Everyone in the bisexual male or gay male realms seemed to have two modes, straight mode during which they acted normal, and the other mode, during which they made that creepy, unwanted but very specific eye contact which could not be mistaken for anything else. The other mode was often accompanied by shifts in voice, mannerisms and posture. Ronald found the whole thing eerie. Ronald could admit to himself and others that he checked out big-bottomed women and masculine men, but he had one voice, one set of mannerisms and one set of behavior. Ronald was the same guy at all times, unlike the others, who were two-faced at best. This made Ronald something of an anomaly in a community full of oddballs...
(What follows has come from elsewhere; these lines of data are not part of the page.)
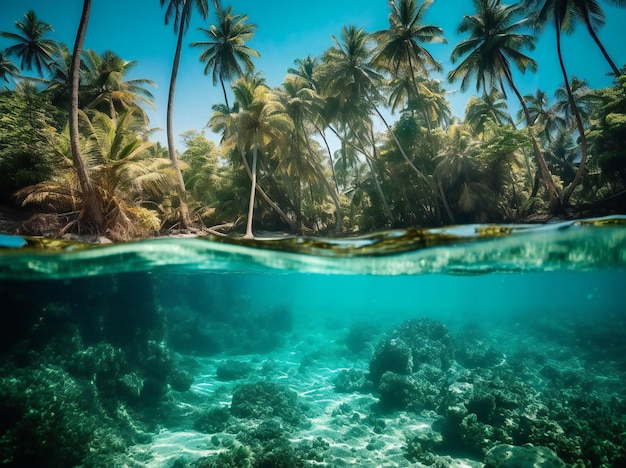 A tropical island with palm trees and water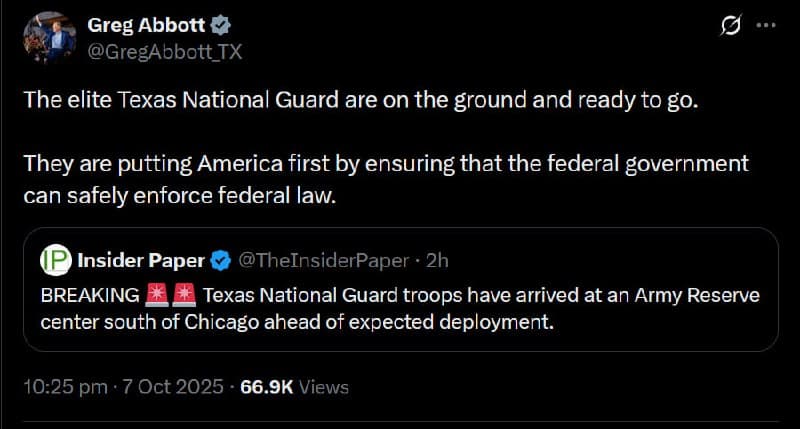 Featured image for: Texas Governor Greg Abbott deploys National Guard to Chicago Texas Governor Greg Abbott deploys National Guard to Chicago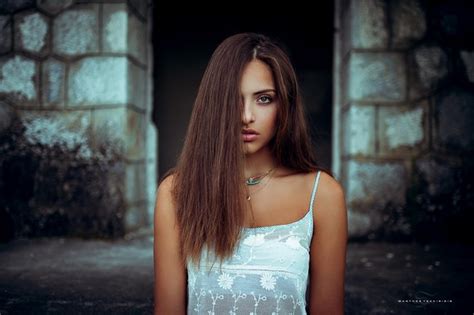 Women Model Portrait Long Hair Brunette Photography Dress Fashion Hair In Face Manthos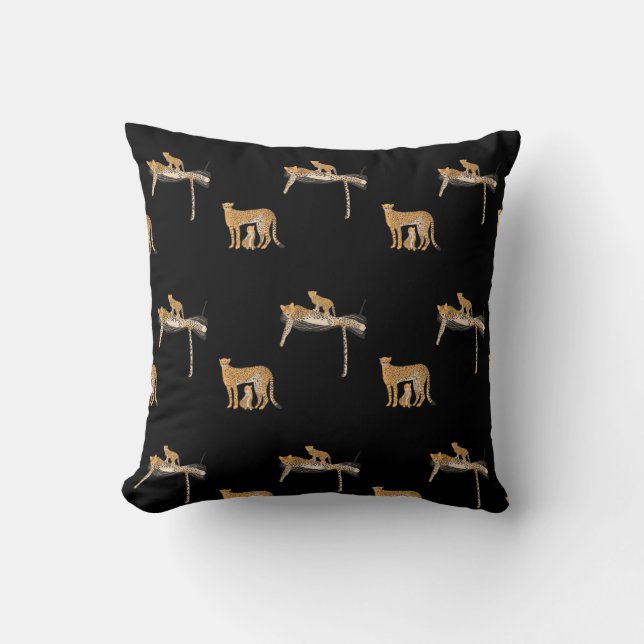 Modern Safari Cheetah Wild Cat Baby Mom Throw Pill Throw Pillow (Front)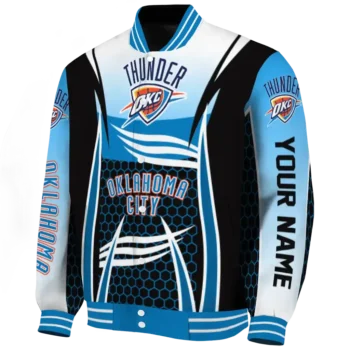 custom oklahoma city thunder mesh effect blue black varsity jacket best selling.webp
"I have a lot of gay male friends, real girly ones, but I can't date a bisexual man," said Ronald's long-time friend, or rather, acquaintance, the eternally demure Stephanie Antoine. The two of them were grabbing some Chinese food inside the Bayshore Mall food court, and Stephanie dropped that revelation out of the blue. Ronald looked at her, this chubby, dark-skinned young Haitian woman whom he'd known for almost a decade, and wondered what prompted her to say that.
"Duly noted," Ronald replied, as he took a bite out of his orange chicken, and Stephanie licked her lips, visibly uncomfortable with his reaction, or lack thereof. Ronald and Stephanie had known each other for some time, and they'd hung out a lot, and gotten to know each other's friends and families. They were not and would never become lovers. For this reason above all, Ronald found Stephanie's behavior puzzling. Seriously, what was her problem?
Stephanie had a lot of things to say to Ronald, following his revelation of his bisexuality on social media. Ronald's fondness for Tennis legend Serena Williams booty was legendary, but he was also fond of boxing icon Anthony Joshua, and couldn't decide between the two of them. Ronald was bisexual, and no longer intent on hiding it. In the Haitian culture Ronald stemmed from, this made him an exception with a capital E. Ronald is a unicorn, and the world doesn't know what to make of real-life unicorns.